Jul 8, 2016

Protect Yourself from Cyberthieves When Using Public Wi-Fi Networks

Nine out of ten Americans expose themselves to the risk of public Wi-Fi networks at least once a month, and more than four out of 10 connect at least once a week. According to Avast estimates, hackers use public Wi-Fi networks to attack millions of Americans a day.

If you're using public Wi-Fi networks, here are some things you need to know to protect yourself from becoming a victim of identity theft.

Why Public Wi-Fi Networks Are Vulnerable

Public Wi-Fi networks are vulnerable because they rely on radio waves to transmit information, explains internet security provider Norton. Just as more than one person can tune into the same radio station, cyberthieves can intercept your Wi-Fi broadcasts.

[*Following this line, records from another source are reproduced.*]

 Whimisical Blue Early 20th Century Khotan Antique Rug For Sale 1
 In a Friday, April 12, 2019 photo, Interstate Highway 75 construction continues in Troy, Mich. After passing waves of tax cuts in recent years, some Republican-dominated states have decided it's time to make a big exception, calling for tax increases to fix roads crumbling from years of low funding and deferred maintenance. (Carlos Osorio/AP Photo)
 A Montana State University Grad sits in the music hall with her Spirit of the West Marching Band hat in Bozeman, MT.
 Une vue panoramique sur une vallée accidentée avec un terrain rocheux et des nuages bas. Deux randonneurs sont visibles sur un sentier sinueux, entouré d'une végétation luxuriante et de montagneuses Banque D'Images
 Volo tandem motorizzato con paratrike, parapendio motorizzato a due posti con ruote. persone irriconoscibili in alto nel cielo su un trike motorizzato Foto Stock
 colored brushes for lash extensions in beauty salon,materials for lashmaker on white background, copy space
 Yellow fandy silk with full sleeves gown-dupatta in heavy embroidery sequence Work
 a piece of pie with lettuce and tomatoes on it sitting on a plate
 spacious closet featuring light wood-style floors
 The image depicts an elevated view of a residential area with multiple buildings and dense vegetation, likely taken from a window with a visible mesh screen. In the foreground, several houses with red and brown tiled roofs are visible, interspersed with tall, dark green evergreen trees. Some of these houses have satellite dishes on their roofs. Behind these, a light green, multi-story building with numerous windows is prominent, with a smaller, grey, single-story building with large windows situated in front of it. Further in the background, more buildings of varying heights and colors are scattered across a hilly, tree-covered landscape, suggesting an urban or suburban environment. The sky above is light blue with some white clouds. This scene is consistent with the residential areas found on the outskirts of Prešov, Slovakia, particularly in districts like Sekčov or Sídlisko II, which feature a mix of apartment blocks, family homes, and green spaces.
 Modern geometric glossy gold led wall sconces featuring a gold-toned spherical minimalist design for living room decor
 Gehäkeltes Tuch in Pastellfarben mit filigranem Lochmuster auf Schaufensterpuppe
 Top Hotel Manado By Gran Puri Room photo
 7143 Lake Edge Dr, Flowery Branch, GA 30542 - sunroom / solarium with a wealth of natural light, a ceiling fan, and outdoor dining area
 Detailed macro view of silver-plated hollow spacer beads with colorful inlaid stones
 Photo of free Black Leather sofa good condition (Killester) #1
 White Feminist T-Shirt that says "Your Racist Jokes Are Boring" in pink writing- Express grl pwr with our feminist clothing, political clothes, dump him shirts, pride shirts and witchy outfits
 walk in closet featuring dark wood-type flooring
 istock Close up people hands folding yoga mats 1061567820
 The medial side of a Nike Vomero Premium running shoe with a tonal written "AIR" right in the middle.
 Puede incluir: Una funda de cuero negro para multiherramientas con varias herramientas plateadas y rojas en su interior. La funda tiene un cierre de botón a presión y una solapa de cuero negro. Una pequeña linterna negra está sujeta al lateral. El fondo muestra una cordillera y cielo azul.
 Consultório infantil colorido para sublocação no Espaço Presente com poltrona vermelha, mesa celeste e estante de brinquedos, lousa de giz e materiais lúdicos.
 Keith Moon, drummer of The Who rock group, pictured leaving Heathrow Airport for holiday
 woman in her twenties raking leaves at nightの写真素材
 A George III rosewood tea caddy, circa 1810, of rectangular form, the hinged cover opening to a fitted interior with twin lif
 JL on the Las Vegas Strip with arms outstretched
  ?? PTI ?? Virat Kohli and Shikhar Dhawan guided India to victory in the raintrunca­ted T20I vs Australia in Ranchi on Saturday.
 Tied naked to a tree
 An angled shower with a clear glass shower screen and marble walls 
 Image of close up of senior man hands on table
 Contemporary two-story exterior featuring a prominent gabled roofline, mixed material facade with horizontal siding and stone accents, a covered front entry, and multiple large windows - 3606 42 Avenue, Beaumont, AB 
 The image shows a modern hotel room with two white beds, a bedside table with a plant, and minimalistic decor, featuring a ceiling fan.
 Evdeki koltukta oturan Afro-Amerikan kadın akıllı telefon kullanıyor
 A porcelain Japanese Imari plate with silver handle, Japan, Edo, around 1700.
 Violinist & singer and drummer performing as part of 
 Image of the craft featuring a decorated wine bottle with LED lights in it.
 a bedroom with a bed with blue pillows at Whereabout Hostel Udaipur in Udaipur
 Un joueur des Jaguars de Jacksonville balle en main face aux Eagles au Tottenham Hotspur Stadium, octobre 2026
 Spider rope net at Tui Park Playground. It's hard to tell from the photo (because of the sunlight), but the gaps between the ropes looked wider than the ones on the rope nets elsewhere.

Criminals wait near public Wi-Fi hotspots in order to stalk victims. Some even set up their own networks with names such as "Free Public Wi-Fi" in order to lure unsuspecting victims. You can become exposed to this type of risk whether you're logging into a public Wi-Fi network from a coffee shop, a library, your workplace, an airport, an Airbnb or anywhere else.

Protecting Yourself on Public Wi-Fi Networks

The FTC offers a few tips to protect yourself when using Wi-Fi public networks. The first key is to use only encrypted public networks or websites. A secure wireless network that uses encryption protects all information you send over that network, while an encrypted website protects only the information sent from that site.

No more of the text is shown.